(Collected data entries)
★ ★ ★ ★
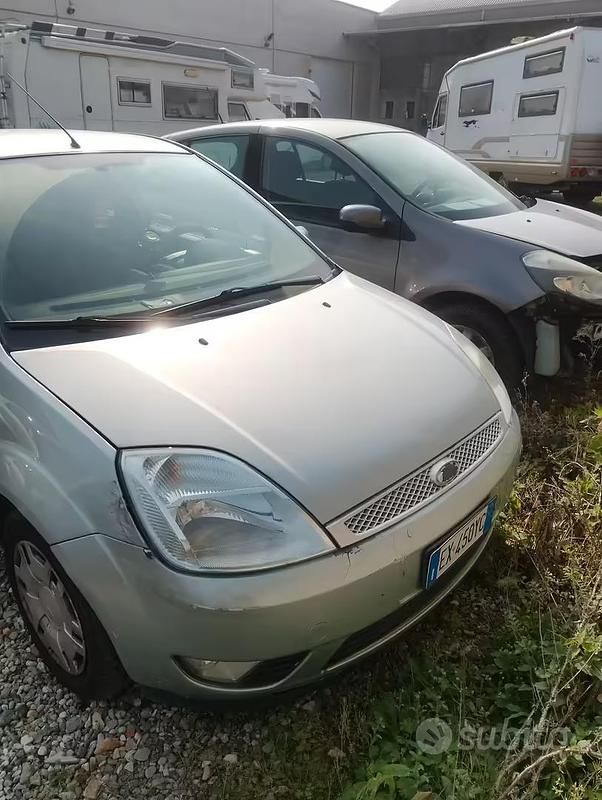 Usata Ford Fiesta 68 CV (50 kW) 2004 Utilitaria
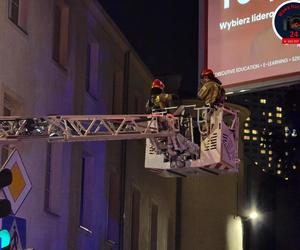  Warszawa: mężczyzna wszedł na billboard i groził że skoczy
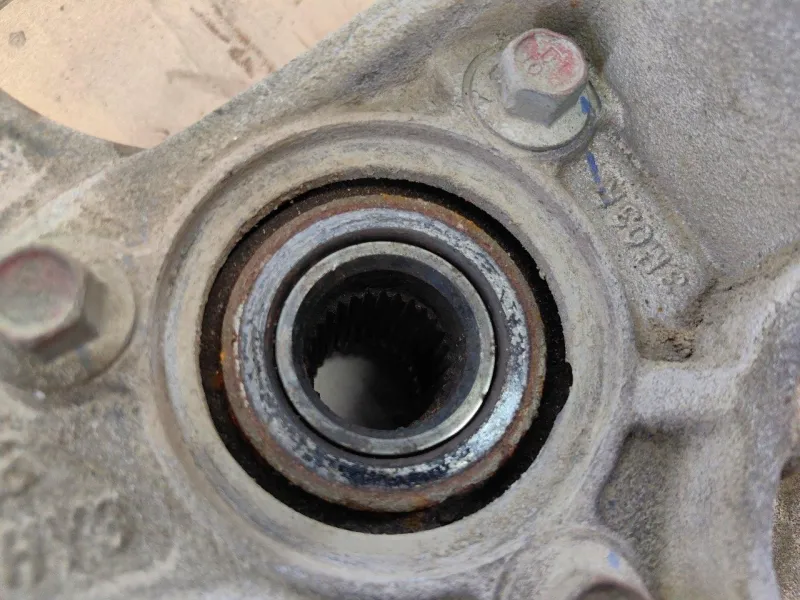 Кулак поворотный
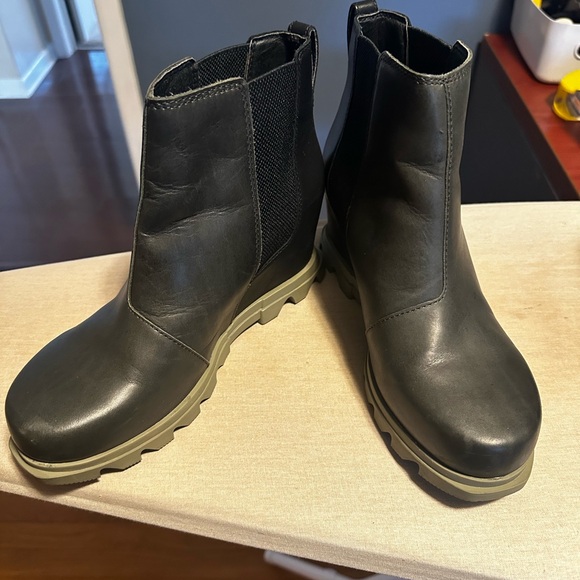 Sorel Shoes - SOREL WOMEN'S JOAN OF ARCTIC WEDGE III CHELSEA in Dark Moss Sage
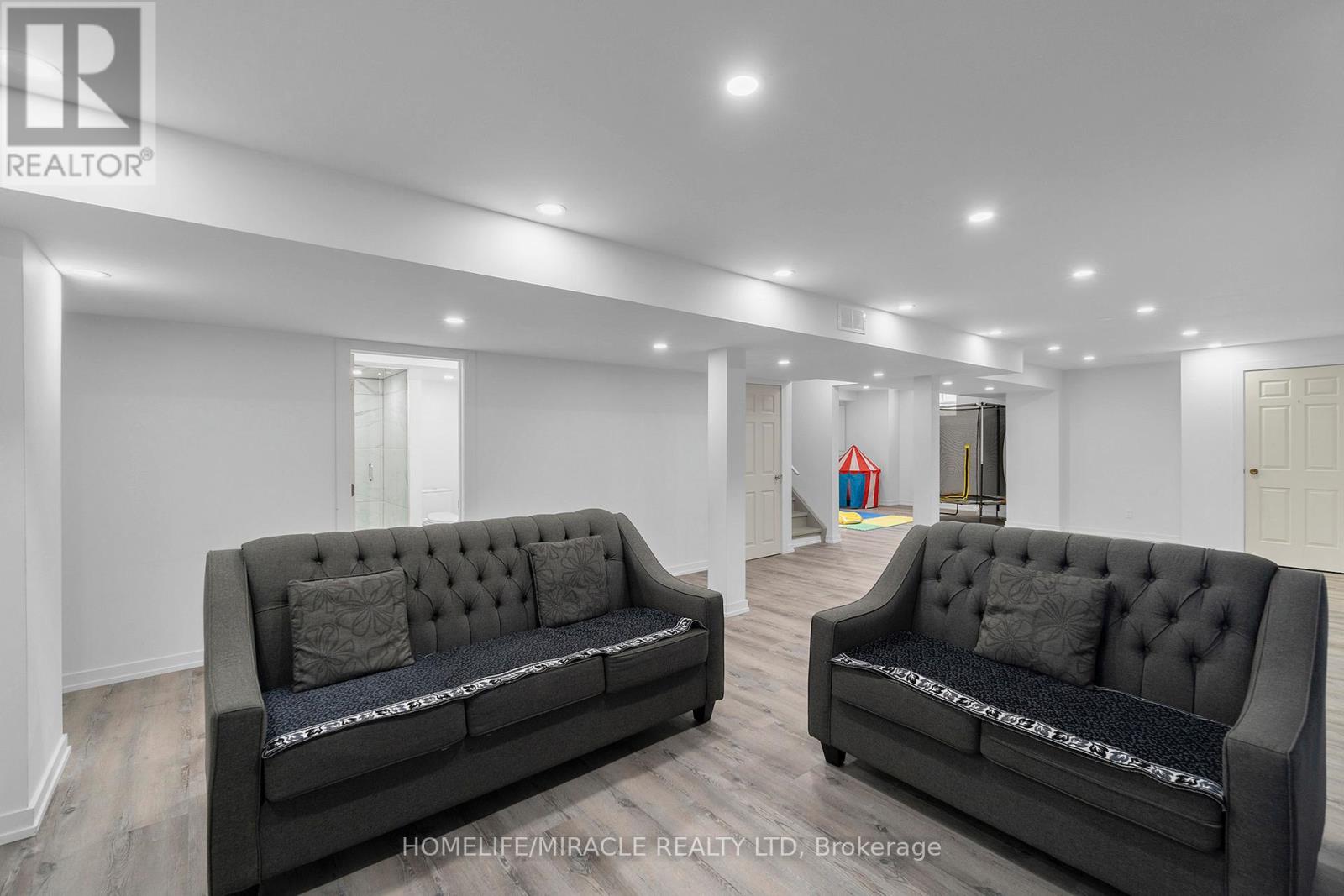 129 Vipond Way, Bradford West Gwillimbury, Ontario  L3Z 0G7 - Photo 35 - N12436930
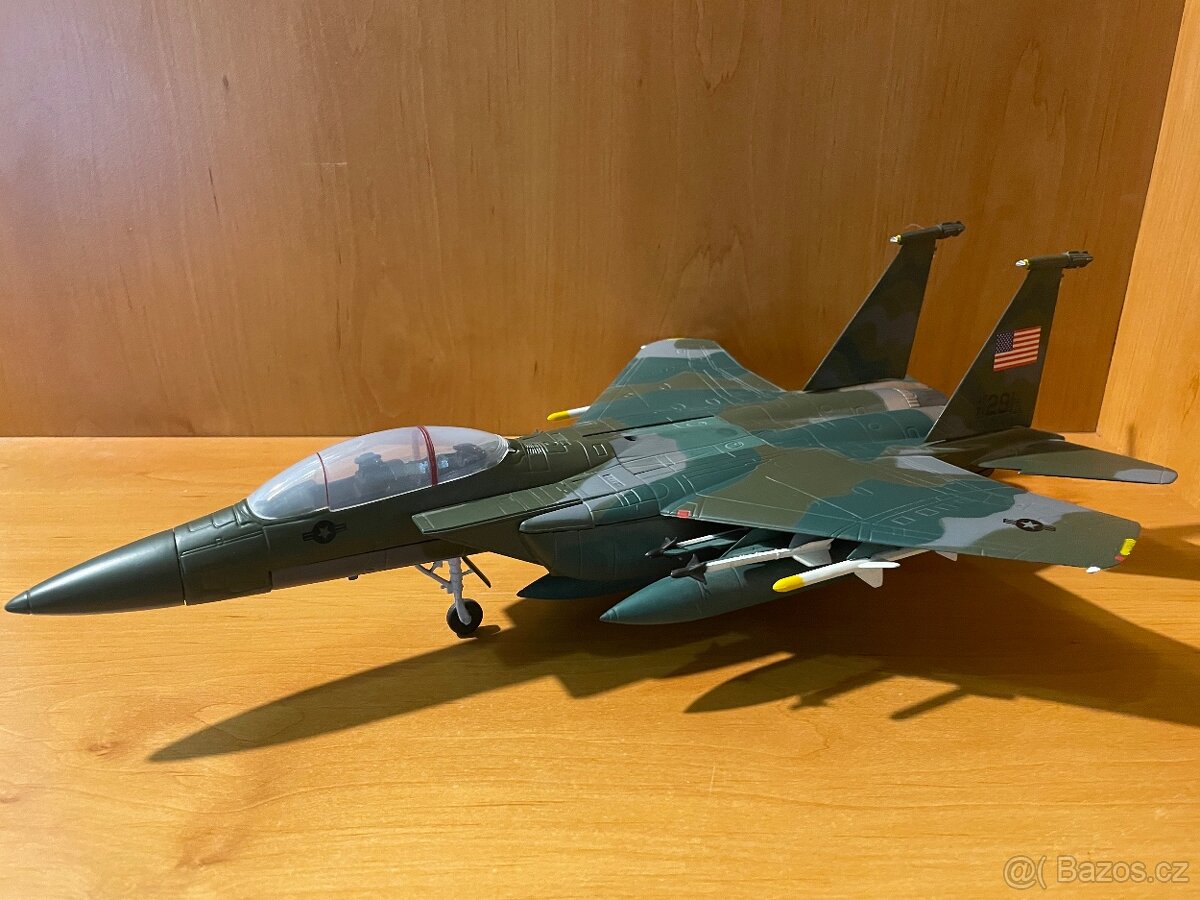 F-15 Eagle - velký stolní zapalovač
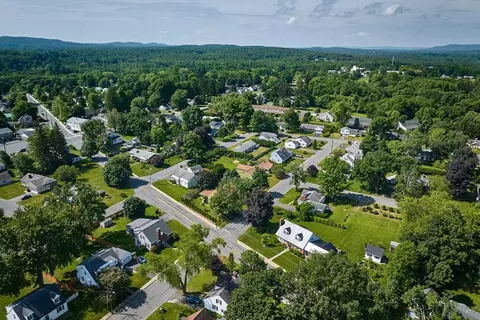 14 Sheldon Ave, Easthampton, MA 01027 photo 36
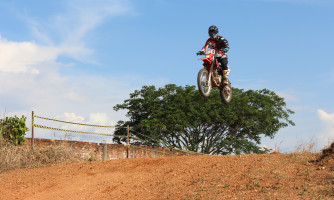 Treinão de motocross e exposição de som automotivo reúne público em comemoração aos 80 anos de Alto Araguaia.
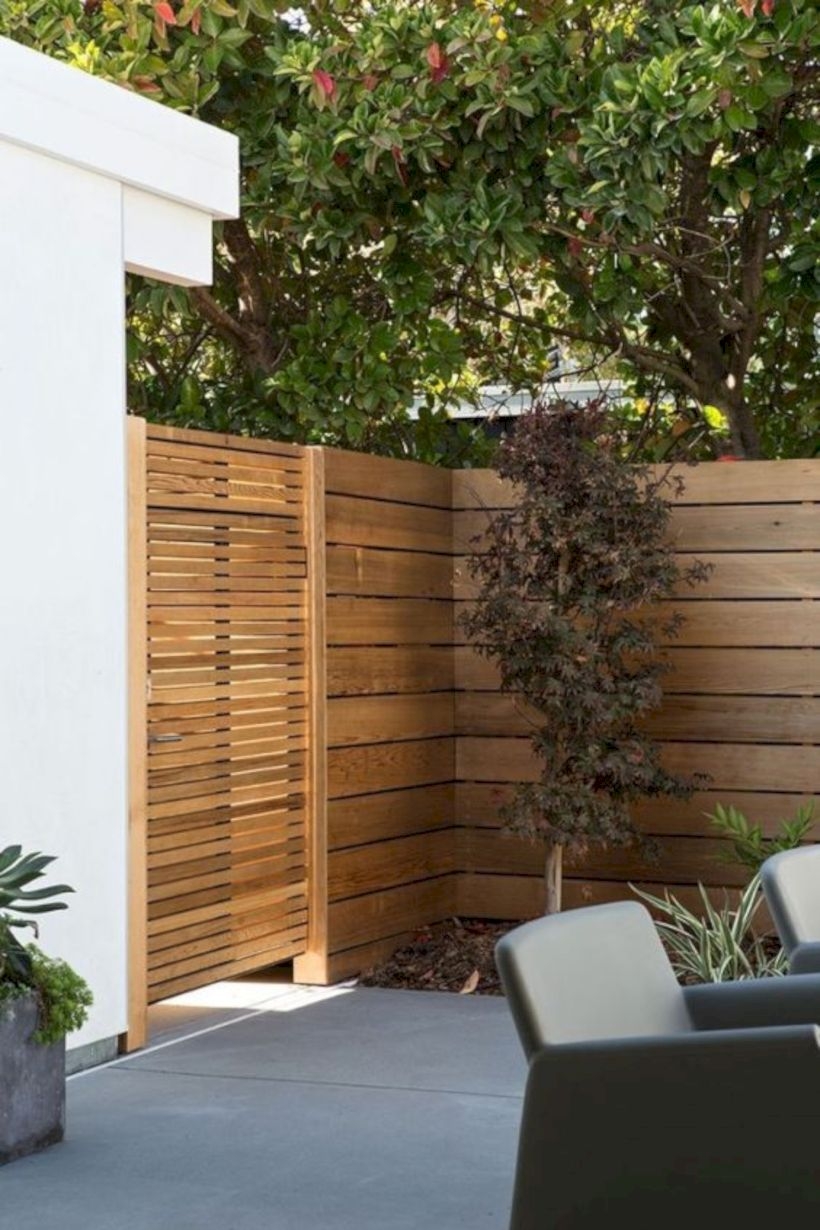 Contemporary horizontal wood fence and gate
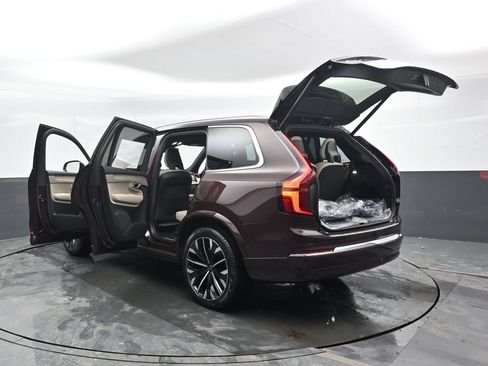 New 2026 Volvo XC90 T8 Ultra w/ Protection Package Premier AWD/4WD image 47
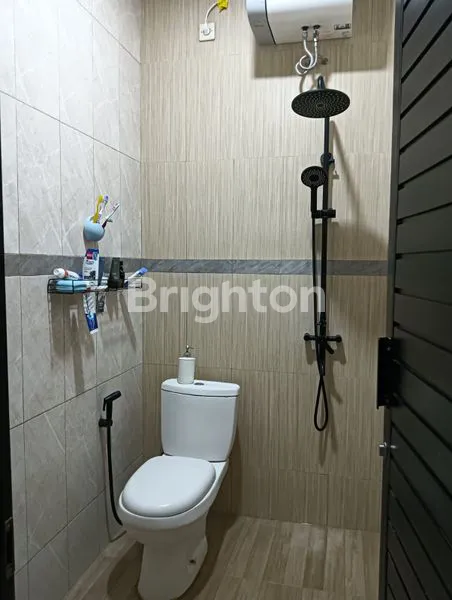 image RUMAH SIAP HUNI DI CIATER SERPONG TANGERANG SELATAN (8)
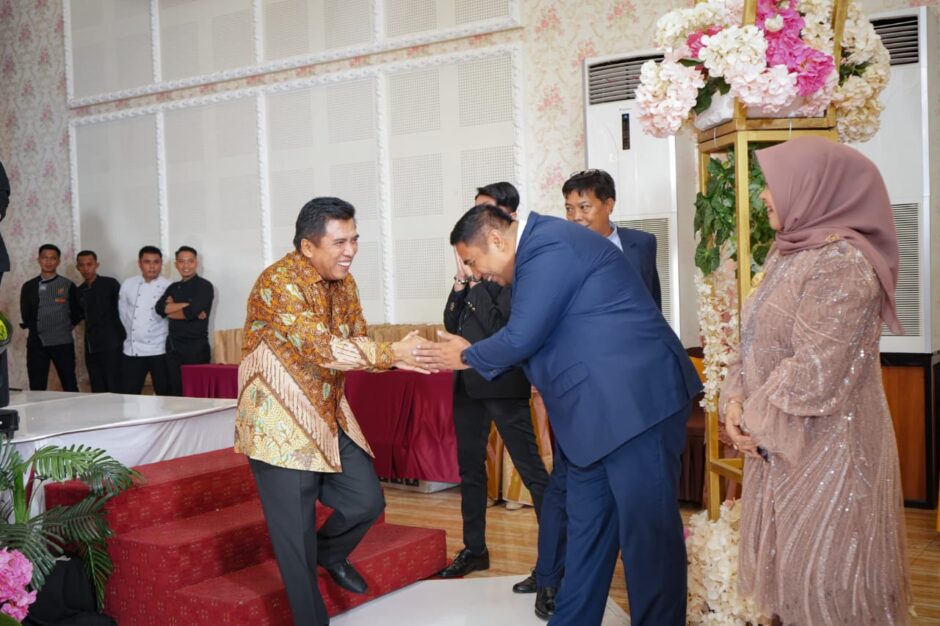Hatta Rahman dan Chaidir Syam Bersilaturahmi di Acara Pengantin, Tunjukkan Keharmonisan Politik Maros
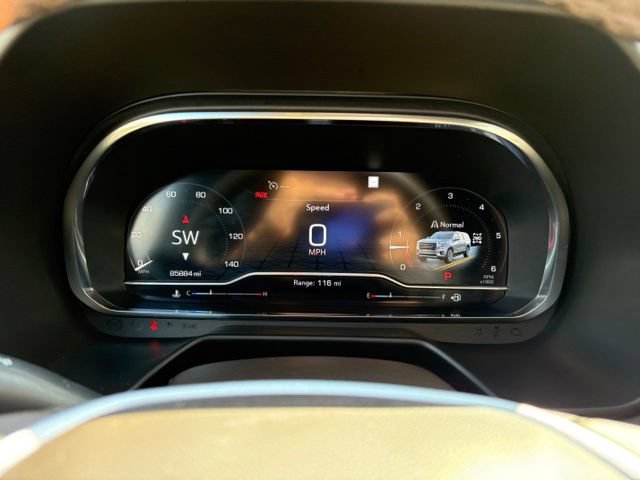 Certified 2022 GMC Yukon SLT w/ SLT Premium Package AWD/4WD image 11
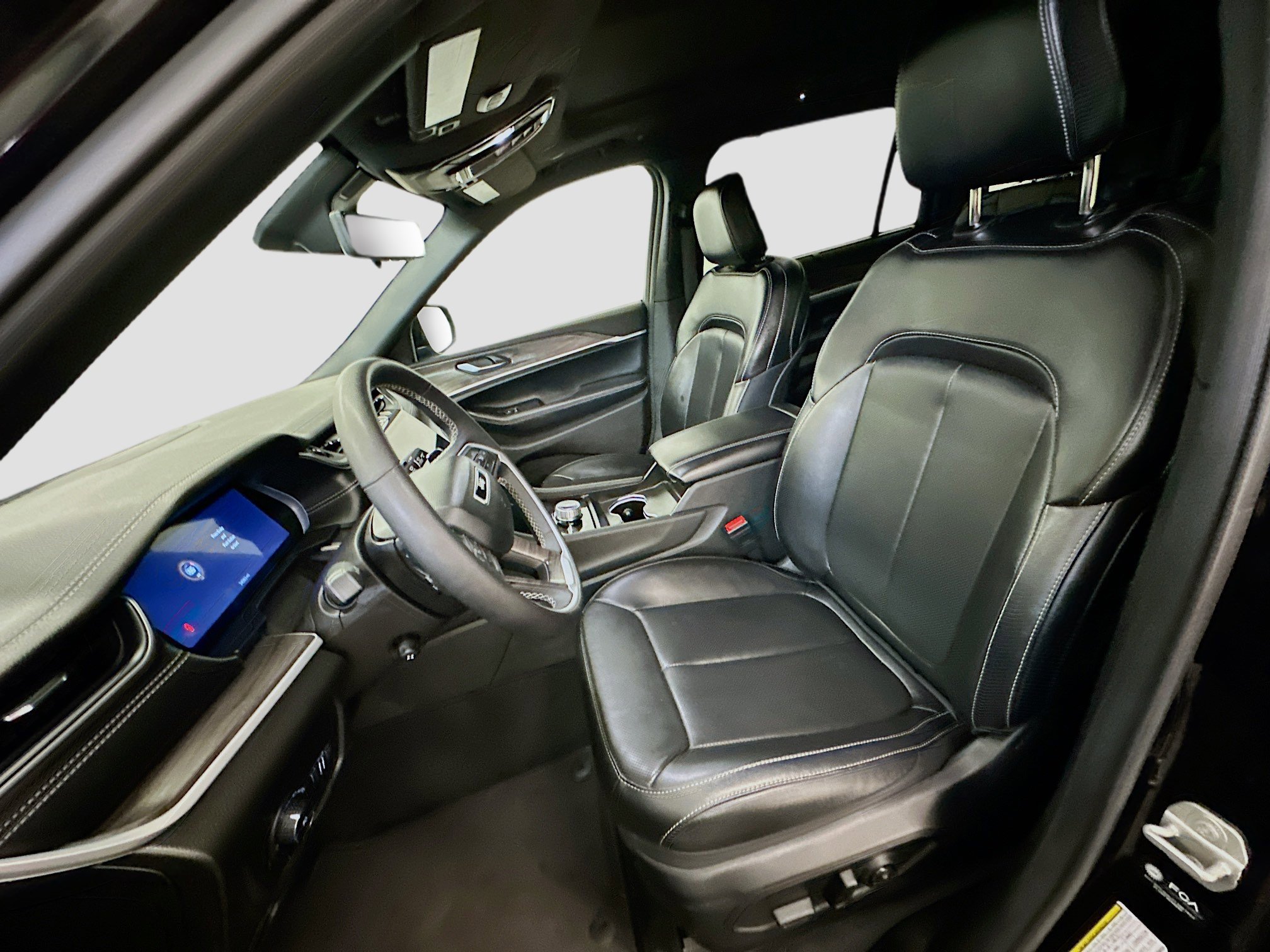 Used 2024 Jeep Grand Cherokee L Limited w/ Luxury Tech Group II image 13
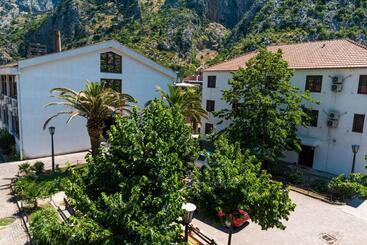 Pensiune Guesthouse Lovćen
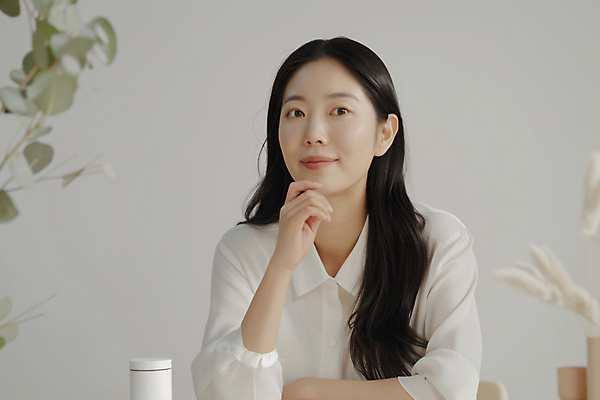 JPG 편집이미지 시선 여자 화초 한명 성인 쇼핑 판매 촬영 턱괴기 화장품 인터뷰 마케팅 소셜네트워크 의료성형뷰티 성인여자한명만 인플루언서 편집실사 AI인물포토 AI콘텐츠 식물 1 모션 사람 뷰티 CG 여자한명만 성인여자만 파일형식 유명인 AI포토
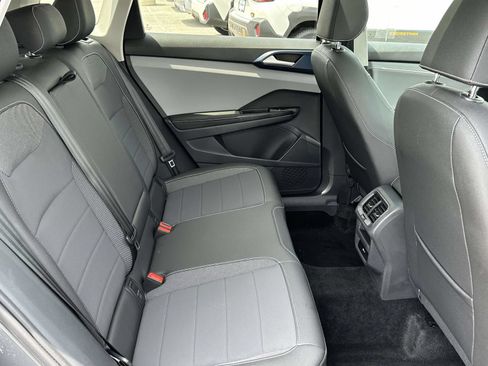 Certified 2024 Volkswagen Taos SE w/ Panoramic Sunroof Package AWD/4WD image 15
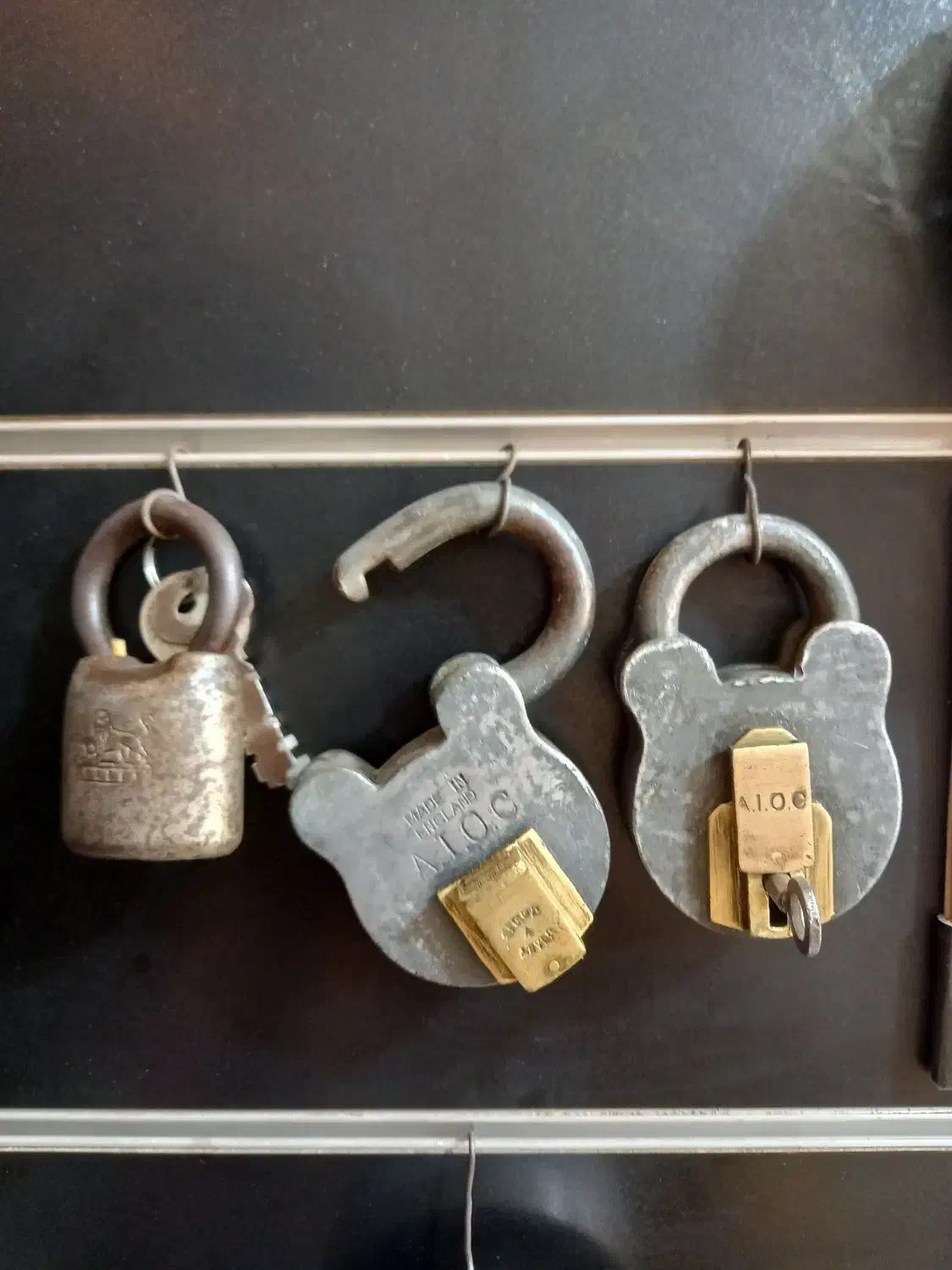 کلیدسازی شهر|خدمات پیشه و مهارت|شاهینشهر, نظامی|دیوار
★ ★ ★ ★
### Assigned task
The answer consists of the lines from the one holding "Treinão de motocross" to the end of the records, inclusive, restated exactly and without pictures.

### Exercise result
 Treinão de motocross e exposição de som automotivo reúne público em comemoração aos 80 anos de Alto Araguaia.
 Contemporary horizontal wood fence and gate
 New 2026 Volvo XC90 T8 Ultra w/ Protection Package Premier AWD/4WD image 47
 image RUMAH SIAP HUNI DI CIATER SERPONG TANGERANG SELATAN (8)
Hatta Rahman dan Chaidir Syam Bersilaturahmi di Acara Pengantin, Tunjukkan Keharmonisan Politik Maros
 Certified 2022 GMC Yukon SLT w/ SLT Premium Package AWD/4WD image 11
 Used 2024 Jeep Grand Cherokee L Limited w/ Luxury Tech Group II image 13
 Pensiune Guesthouse Lovćen
 JPG 편집이미지 시선 여자 화초 한명 성인 쇼핑 판매 촬영 턱괴기 화장품 인터뷰 마케팅 소셜네트워크 의료성형뷰티 성인여자한명만 인플루언서 편집실사 AI인물포토 AI콘텐츠 식물 1 모션 사람 뷰티 CG 여자한명만 성인여자만 파일형식 유명인 AI포토
 Certified 2024 Volkswagen Taos SE w/ Panoramic Sunroof Package AWD/4WD image 15
 کلیدسازی شهر|خدمات پیشه و مهارت|شاهینشهر, نظامی|دیوار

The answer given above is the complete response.